埋め立てから、ごみ発電へ:中国本土で進む産業の転換
提供された情報によると、中国本土の廃棄物産業は、埋め立て中心から焼却(ごみ発電)中心へと大きく転換し、先端技術の導入も進んできました。現在は、ごみ発電(Waste-to-Energy)施設が1,000カ所以上稼働しており、世界全体のほぼ半数にあたる規模だとされています。
数字で見るポイント(提供情報ベース)
- 処理量:1日5,000トン(深圳の施設)
- 用途:焼却で発電し、数百万世帯に電力
- 副産物:焼却灰→道路用エコブロック
- 稼働施設:1,000カ所以上(中国本土)
- 位置づけ:世界のほぼ半数のごみ発電施設を運用
「カーボンニュートラル」と「ゼロウェイスト都市」が背中を押す
背景には、国家目標として語られる「カーボンニュートラル」や、「ゼロウェイスト都市」といった方向性があります。廃棄物をエネルギーや建材へと変える仕組みは、都市の成長とともに増えるごみを抱え込み続けるのではなく、循環の中に戻そうとする発想に近いものです。

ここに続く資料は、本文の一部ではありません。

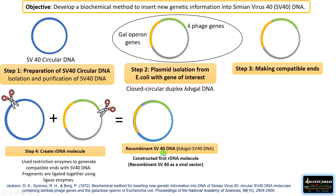Thus, recombinant SV40 DNA was made — the SV40 circular DNA now contained the part of the plasmid with the galactose operon and lambda phage genes. He constructed this first recombinant DNA molecule using recombinant SV40 as a viral vector. Since this is also a plasmid, it can be incorporated into a host where it can replicate.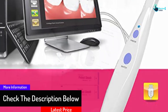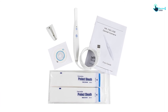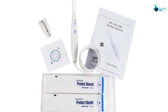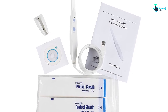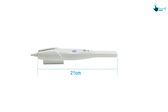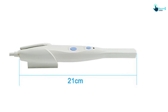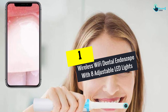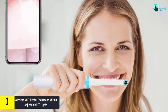It has an open code that is compatible with different types of clinical management software. It can record video and allows you to easily show patients the condition of their teeth to assist with dental care. You can easily adjust the focus and it comes with dual capture buttons.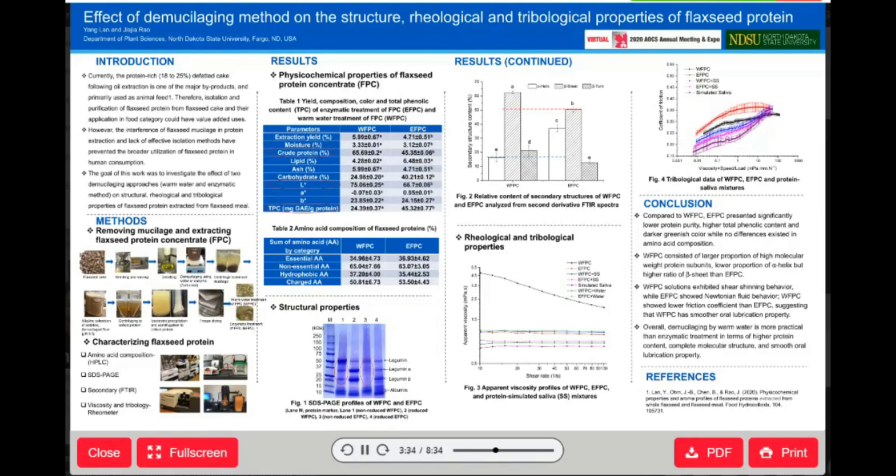EFPC presented significantly lower protein purity and darker color. The interesting part is that EFPC has significantly higher total phenolic content than WFPC, which may explain why EFPC presented a darker appearance than WFPC. As for amino acid composition, we summarized amino acid composition into four categories, and as you can see from Table 2, no remarkable differences existed between the two proteins.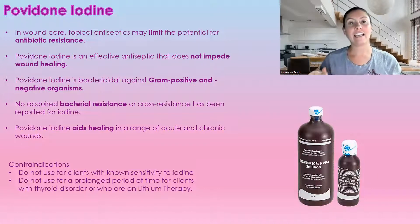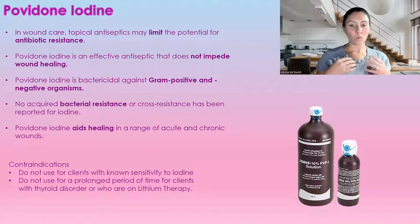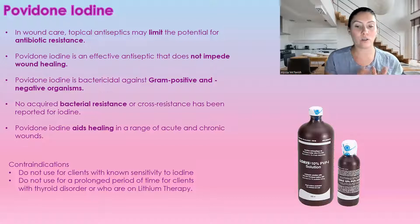Povidone iodine also aids in healing, for both acute and chronic wounds. With chronic wounds, there is often a high percentage of bacterial overgrowth on the wound bed — a high bioburden — and povidone iodine helps disrupt that. For cautions: people with shellfish allergies or a sensitivity to iodine should not use it. For prolonged use, you would not want to use this for people with thyroid disorders or who are on lithium therapy.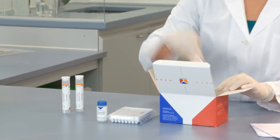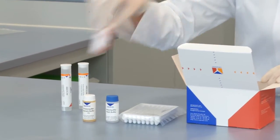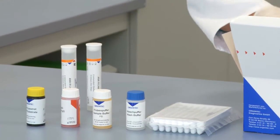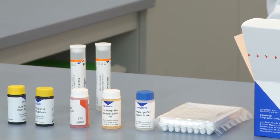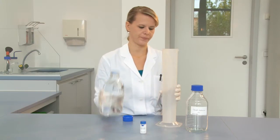The kit also contains sample buffer, a solution containing an enzyme-conjugated secondary antibody called the conjugate, and the substrate solution for the enzyme. The wash buffer is provided as a concentrate.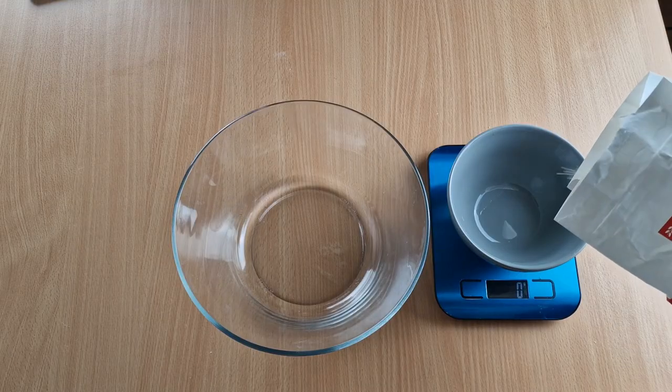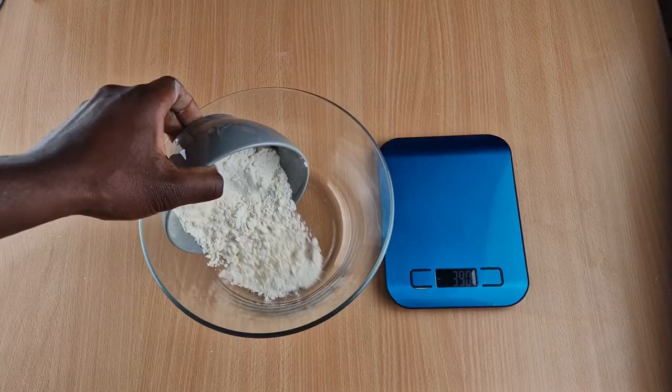I'm Roman and welcome to my channel. For today's video, I will make a protein carrot cake. If you need information on the ingredients and the portions used, please just click in the description box.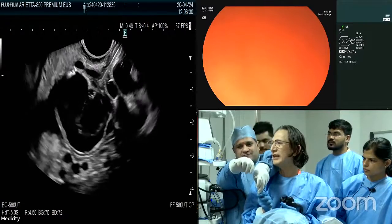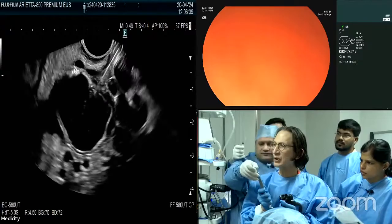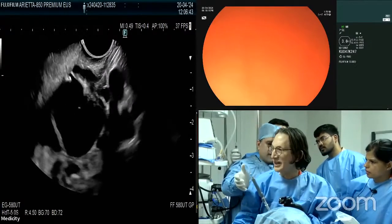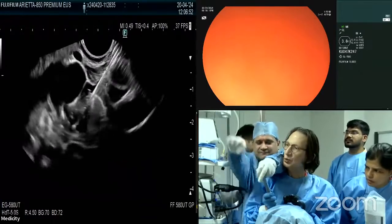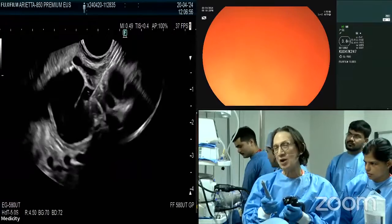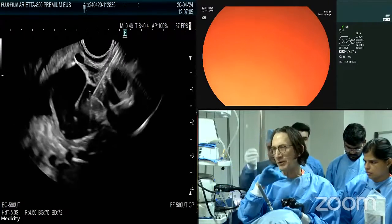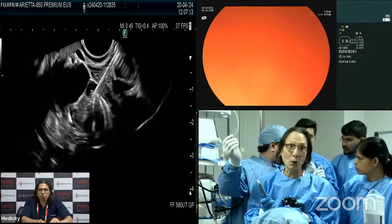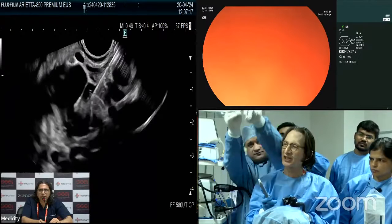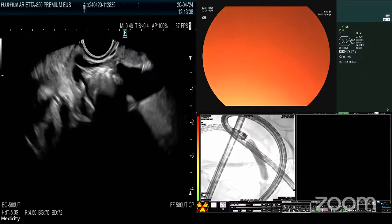Just holding my position — the second coil should come out soon. The flow in these varices can be really quite vigorous. The second coil is in. I think a third coil would be appropriate. You can see the coils starting to fill — the idea is to have a sufficient scaffold that will hold the glue in place and prevent it from embolizing systemically. There's very rapid blood flow in these varices, especially when patients have large gastrorenal shunts. Let's put one more coil in, then I'll show you the glue injection. There are the coils inside, right here.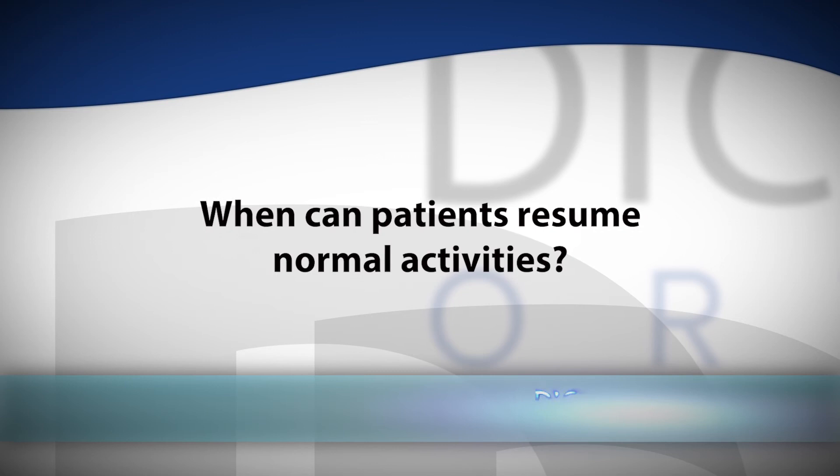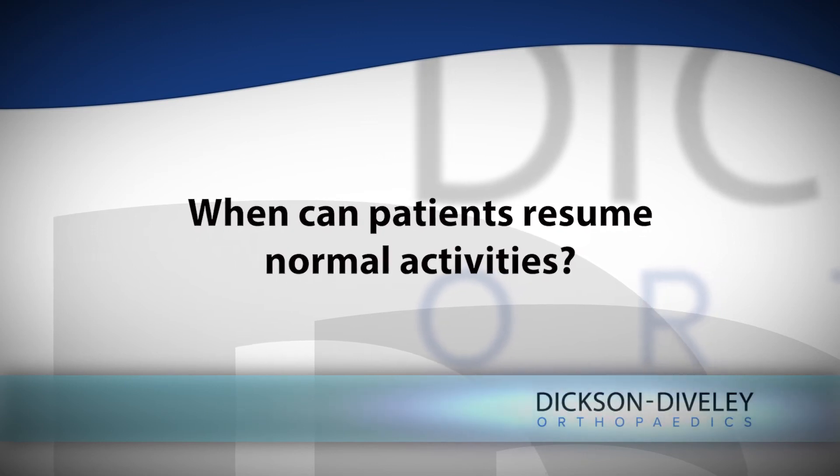Once you wake up from anesthesia, you go home. Give yourself another 10 to 14 days and the pain you've had in your knee hopefully will be gone. Patients can resume normal activity the following day. The only thing that usually hinders them is the anesthesia from the prior day — they might be a little groggy. After that, there are really no restrictions. I let them get in the pool, the hot tub; they can go to work, they can exercise as they see fit.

現場では、エンジニアの運転・改善が積み重なって初めて、日々の処理量と安定供給が成立します。焦さんのような技術者が「ごみを宝に変える」と表現されるゆえんも、単なるスローガンではなく、毎日のオペレーションの連続にあります。
この動きが投げかける問い:都市の“出口”をどう設計するか
ごみ発電は、廃棄物の「出口」を電力や建材として設計し直す試みです。一方で、都市が選ぶべき出口は一つではありません。焼却・発電、リユース、リサイクル、発生抑制――それぞれの組み合わせをどう最適化するかは、都市の条件や目標によって変わります。
深圳の事例は、「処理能力」「電力化」「副産物の利用」を一体で回すモデルとして、いまの国際ニュースの文脈でも目を引きます。ごみが増える時代に、都市がどんな“循環の設計図”を描くのか。2026年の現在地を考える材料になりそうです。